A funcionária pública prefere não ter carro e investir em viagens. Foto: Flavio Tavares / O Tempo 

Não importa se o passeio acontece por meio de uma agência ou se o viajante organiza sua própria aventura, fato é que o turismo solo tende a aumentar nos próximos anos. De acordo com um estudo da Global Travel Insight, o número de pessoas viajando sozinhas deve subir 35% até 2030, atingindo cerca de 580 milhões de turistas em todo o mundo. 

Neste cenário promissor, a Keep Company segue faturando. Com uma média de 40 viagens por ano, 15 no país e 25 ao redor do mundo, a empresa tem crescido na casa dos 30% ao ano em faturamento e já planeja desbravar novos rumos. De acordo com Eduardo, com a “saturação da Europa” e os recentes protestos ocorridos por lá por conta do excesso de turistas, a agência pretende lançar em breve roteiros inéditos para Tibet, na China, e Galápagos, no Equador. 

“Outro fator que favorece o negócio é a recorrência. Quem experimenta o serviço geralmente volta para fazer outra viagem por já conhecer nosso trabalho, ter criado relações com outros viajantes e saberem quem são os guias. Aliás, temos funcionários que estão conosco há muitos anos e essa familiaridade também é vantajosa para fazer com que os clientes retornem”, aponta. 

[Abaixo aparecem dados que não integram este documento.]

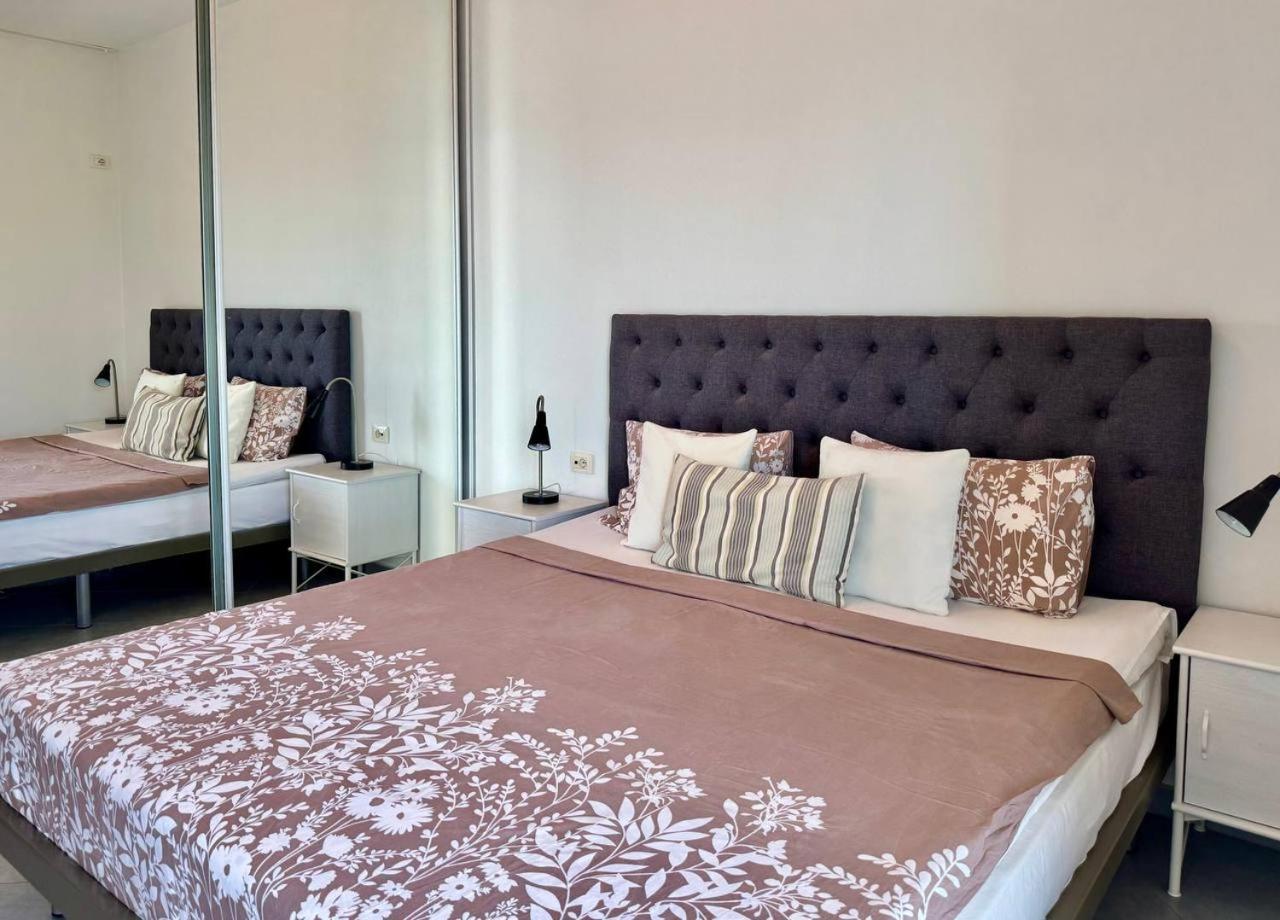 Apartament Viola Sea View Penthouse Saranda Zewnętrze zdjęcie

É o caso da pesquisadora aposentada Vanusa Maria Delage, de 67 anos, que já fez seis viagens pela agência. Em cada uma, ela conta, investiu cerca de R$ 30 mil - cerca de R$ 180 mil ao todo. Para ela, as viagens também são uma forma de fazer novos amigos. “Uma delas mora em São Paulo e já nos visitamos. Ela veio a Minas e eu a levei ao Inhotim e também percorremos as cidades históricas”, relata. 

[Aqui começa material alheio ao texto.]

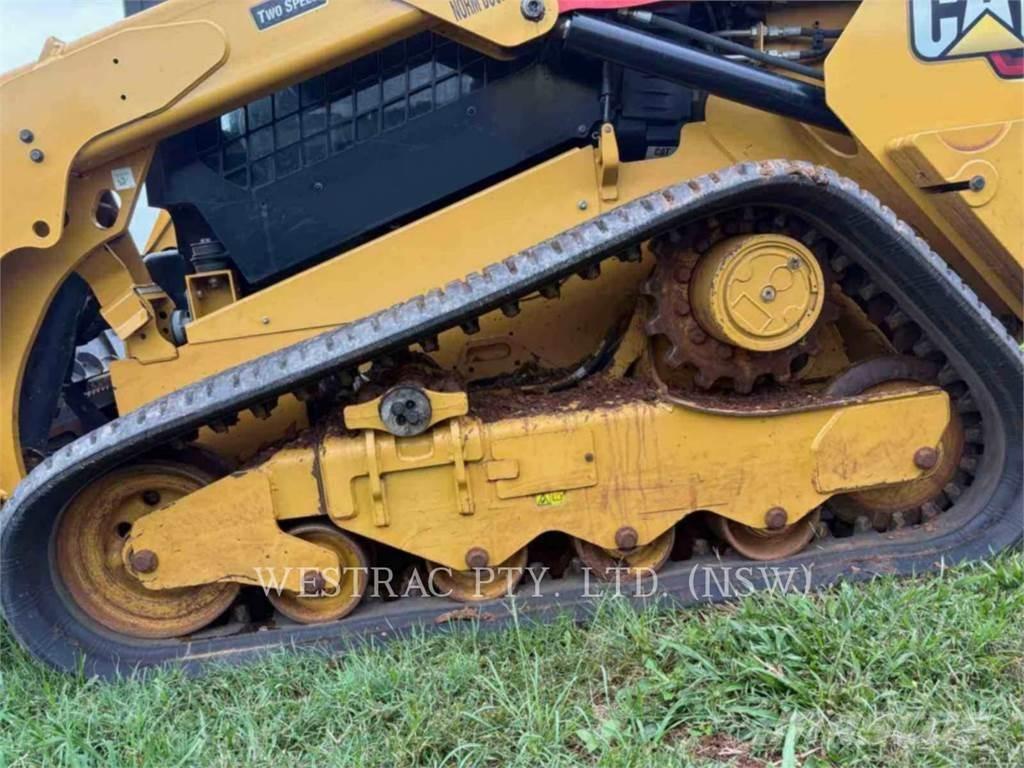 CAT 259D3LRC Chargeuse sur chenilles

Morando só, Vanusa ocupa sua rotina com diversas atividades para não se sentir sozinha e seus hábitos de consumo também são impactados por seu estilo de vida. “Participo de grupos de literatura e faço ginástica no MInas Tênis Clube, onde almoço quase todos os dias. Não faz sentido cozinhar só para mim, então prefiro gastar cerca de R$ 400 por mês com a praticidade de comer fora”, garante. 

“Procura-se um amigo”

E se, no lugar de viajar com um desconhecido, você preferisse “alugar um amigo” no seu destino turístico? Essa foi a ideia que a jornalista Alice Moura teve, há mais de 10 anos, quando morou na Europa e percebeu que era muito mais divertido “dar rolê” nos locais onde ela conhecia alguém. Assim, surgiu a plataforma Rent a Local Friend - algo como “alugue um amigo local” - que reúne viajantes de 65 países. 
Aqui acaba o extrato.